The objective of this project is to develop a system of monitoring and classification of traffic mass Internet, able to use real-time dimensions and applications carried by each data connection, with a high accuracy and very low computational cost thanks to a series of automatic learning algorithms to predict. Such a system will present as main characteristics the following:
- High precision. The classification of applications that the system is based on the use of algorithms of machine learning based on sampled information. The system is able to adapt to the characteristics of the traffic in an initial phase of training, with the possibility of later continuous trainings evaluating the accuracy.
- Very low computational cost. Given that the normal operation of the system requires no capture or inspection of the contents of the packages (Deep Packet Inspection DPI).
- High scalability. The system is capable of processing volumes of massive traffic in high-capacity links (> 10 Gb/s), given that it feeds sampled NetFlow flow at a configurable rate (1/100, 1/1000,...). On the other hand the sampling also reduces the required computational load on traffic routers.

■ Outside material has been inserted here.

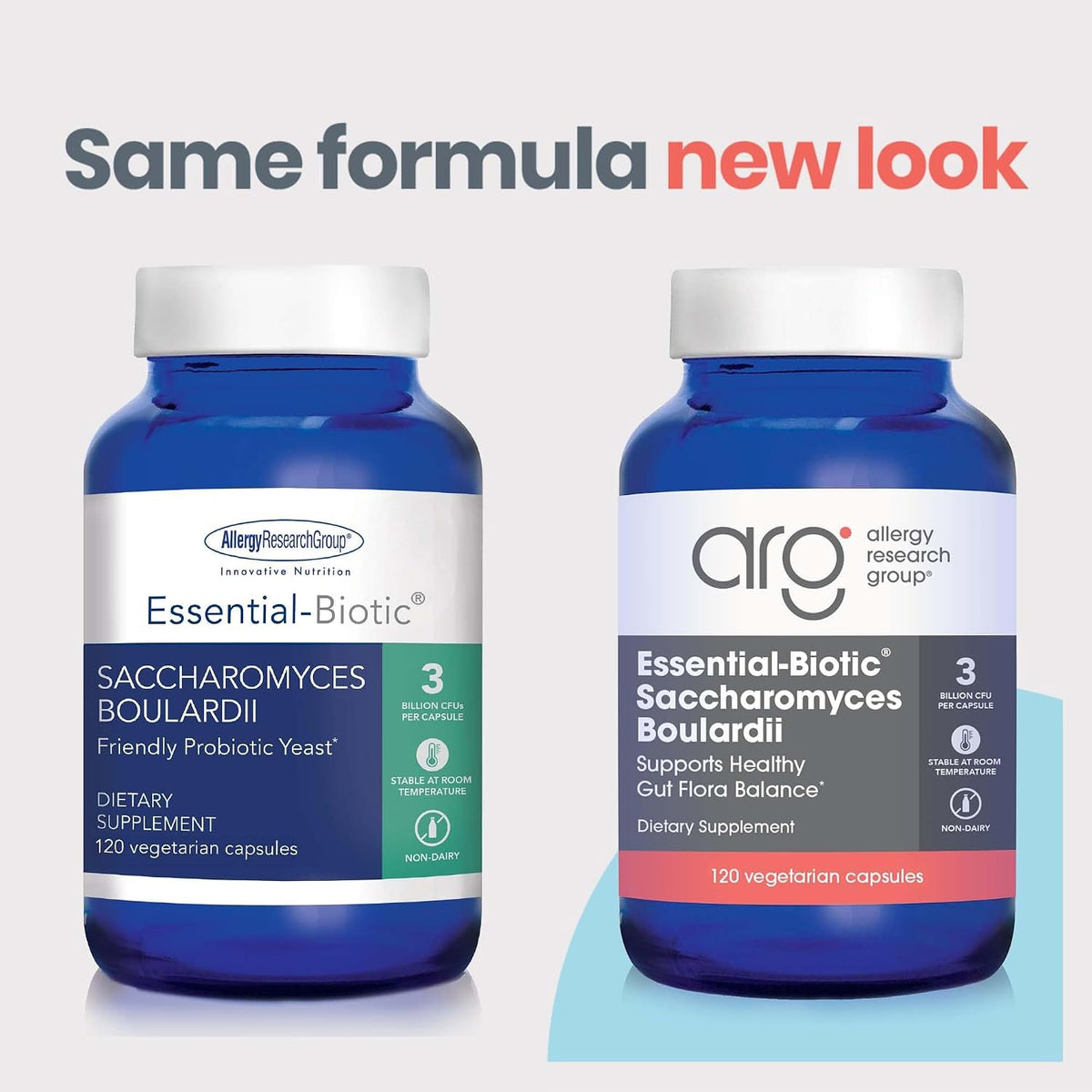 ARG Essential-Biotic Saccharomyces Boulardii - 9 Billion CFU Probiotic Yeast - 120 Capsules - görsel 3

- Real-time monitoring. With capacity to process traffic with frequencies up to 1 minute, allowing detection of anomalies and punctual network congestion situations applications.
- Distributed monitoring. The system is capable of processing information of NetFlow, flows generated at various points in the network.
- Low impact on network configuration. Since NetFlow technology is already deployed and is widely used in networks of operators and big companies, the impact on the Network Setup is minimal. Because it is a standard it is also independent of the network equipment maker.
- Confidentiality. The fact of working with NetFlow technology, and not using type DPI and of machine learning techniques means that it's not necessary to access the contents of the traffic, i.e., it is not necessary to process "user data" circulating on the network. With this, the system guarantees the confidentiality of the information, while respecting the principles of secrecy of correspondence
Once developed, the system is subjected to a test of concept by staying to do so at a point of massive exchange of real traffic provided by the Centre de Supercomputació de Catalunya.
Finally we will study the possibilities that the system might be exploitable commercially, since the information concerning the classification of traffic on the Internet is, due to its constant growth and evolution, of great interest for various types of customers such as operators of telecommunications, institutions that manage academic networks, large enterprises.